The 1930s? No. Those were yellow brick roads, Prjindigo. Just ask Dorothy.
“Nor did we have blacktop, Walmart’s, Targets…you know progress.”
Amusing to see what an American first thinks of as progress. We don’t have any of those shops in the UK, yet I don’t consider myself to be deprived because of it.
As to tarmac, I’m pretty sure we had that in the 30s.
“But you want us to live in the 1800s.”
No I don’t.
There was blacktop in the 30s. A very small amount compared with today. You know that yet you still (fecklessly) try to challenge everything, even solid arguments, that climate realists forward to counter your (dishonest) climate alarmism. That’s what makes you a Bellend.
Oh dear, you don’t appear to be able to compare Walmart and Target to shops in the UK. Let me help you with just a couple: Primark and Tesco.
And no, there wasn’t as much blacktop in the 30s. Lete help you: Google “year M1 was built”.
You’re welcome
It wasn’t the comparison I was interested in, though I think ASDA might be a closer fit, given that Walmart owns them. I just found it interesting that they were the first thing that was thought of in terms of progress since the 1930s.
If I was thinking about progress, Primark and Tesco’s wouldn’t be the first thing that came to mind.
Just ‘cos Walmart owns Asda doesn’t make it as big as Sainsburys. But then again, you’ve never been good with measurement of scale.
As for the concept of progress,, you go back to any UK supermarket in the 1970s and try and find some mozzarella or fresh coriander. Today you can find these and a whole host of different products you wouldn’t find decades ago – just because you only shop in Woke Waitrose doesn’t mean the other supermarkets the proles shop in haven’t progressed.
You seem to be quite angry with me for things I haven’t said. I made no mention of which supermarket was bigger, or said where I shopped.
Just for the record I haven’t shopped at Waitrose since my local one closed, and before then only occasionally and mainly for the free woke coffee.
I sometimes visit Asda but it’s a bit out of the way – I mainly alternate between Sainsbury’s and Tesco’s.

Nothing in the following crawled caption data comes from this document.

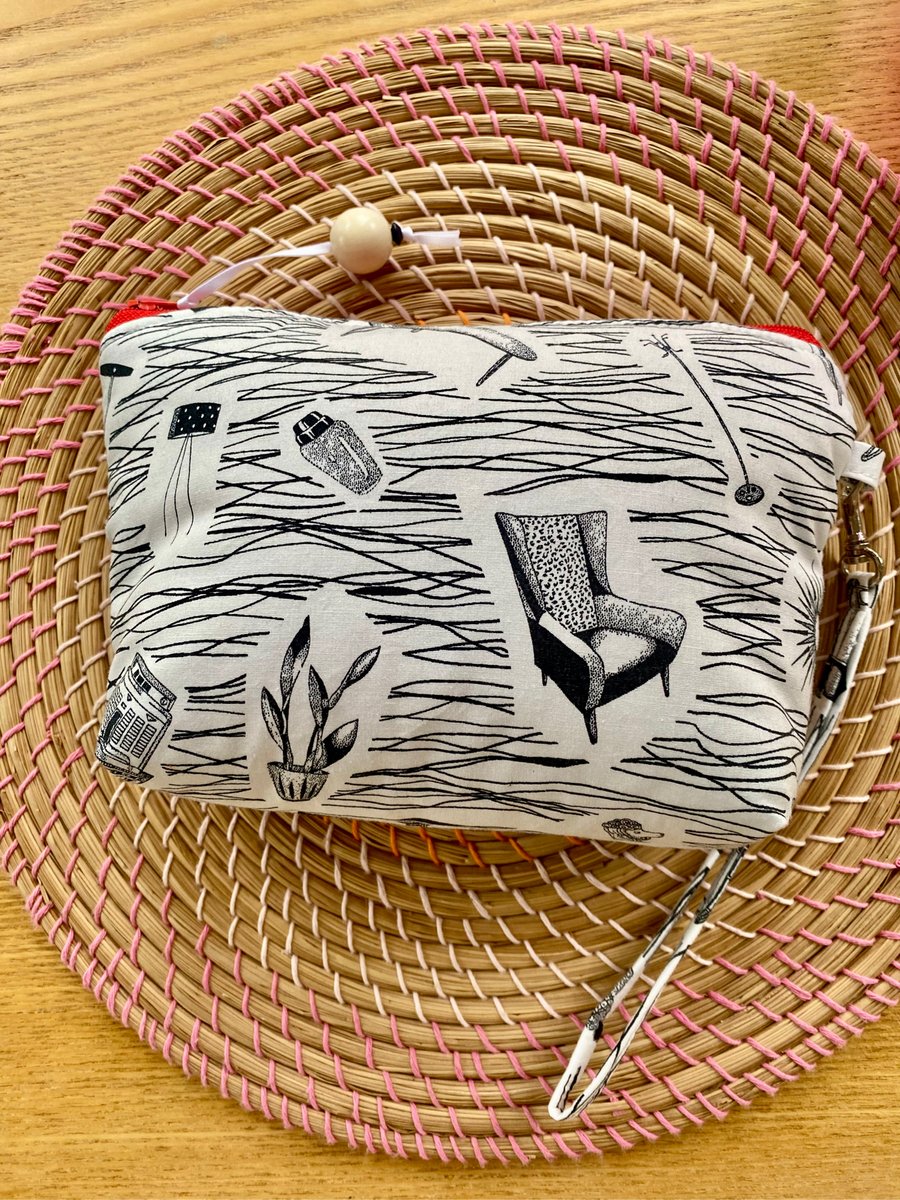 Handmade zipped clutch or purse in ‘Homemaker’ style fabric with wrist strap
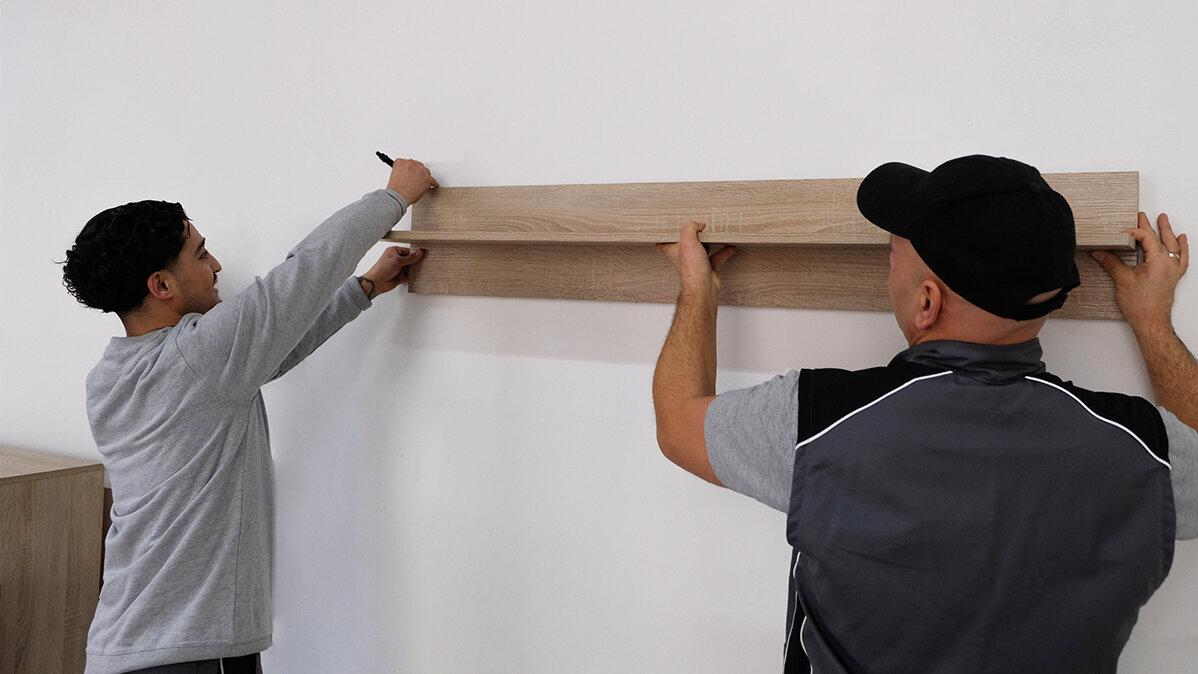 Ein Kollege hilft Zainal das Regalbrett zu halten, damit Zainal die Hilfslinien an der Wand anzeichnen kann.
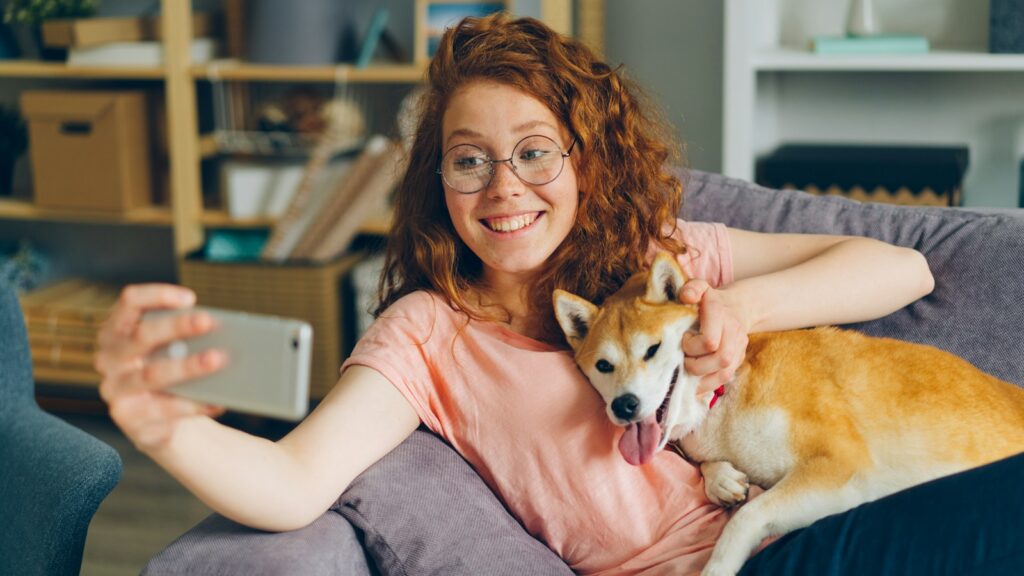 A woman sitting on a couch holding a dog and a phone.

I hope you don;t find any of this to offensive to your politics.
Angry? Not at all.
Laughing at you? Yes.
You missed the sarcasm. He was actually referring to change.
Missing sarcasm often goes both ways.
But are you sure he was being sarcastic when he called it progress? If so I still don’t get the claims that I want to live in the 19th century.
Just for the record, in case I wasn’t being clear, I don;t disagree that supermarkets and parking lots are some sort of progress, there just not the things that immediately spring to mind if you ask me for definitive examples of progress since the 1930s. I might list things like mass communication, computers, the internet, eradication of smallpox, polio, etc. Lots of other things which I’ll avoid mentioning to avoid further arguments come to mind, all before chain stores.
None of which have any relation to climate change, unlike paved roads and parking lots.
It’s difficult to follow an argument here when you are talking with multiple people, each with their own opinion, and all talking in riddles.
I assumed that Derg’s original point was that all progress, for example Walmars, was the result of of burning fossil fuels, and that therefore reducing fossil fuel usage would instantly destroy all progress and return the planet back to the 19th century, and that I wanted that to happen.
Yes you do Jack wagon
Oh no I don’t!
I thought Panto season was over.
But not as much. In the ’30s, cars were not nearly as common as now, and the US population has more than doubled.
The point about the stores is that the megastores all have large paved parking lots, which was virtually unknown in the ’30s. People with cars parked on the street by the small stores they frequented.
Black top (asphalt) and Tarmac (tar Macadam) are to entirely different things.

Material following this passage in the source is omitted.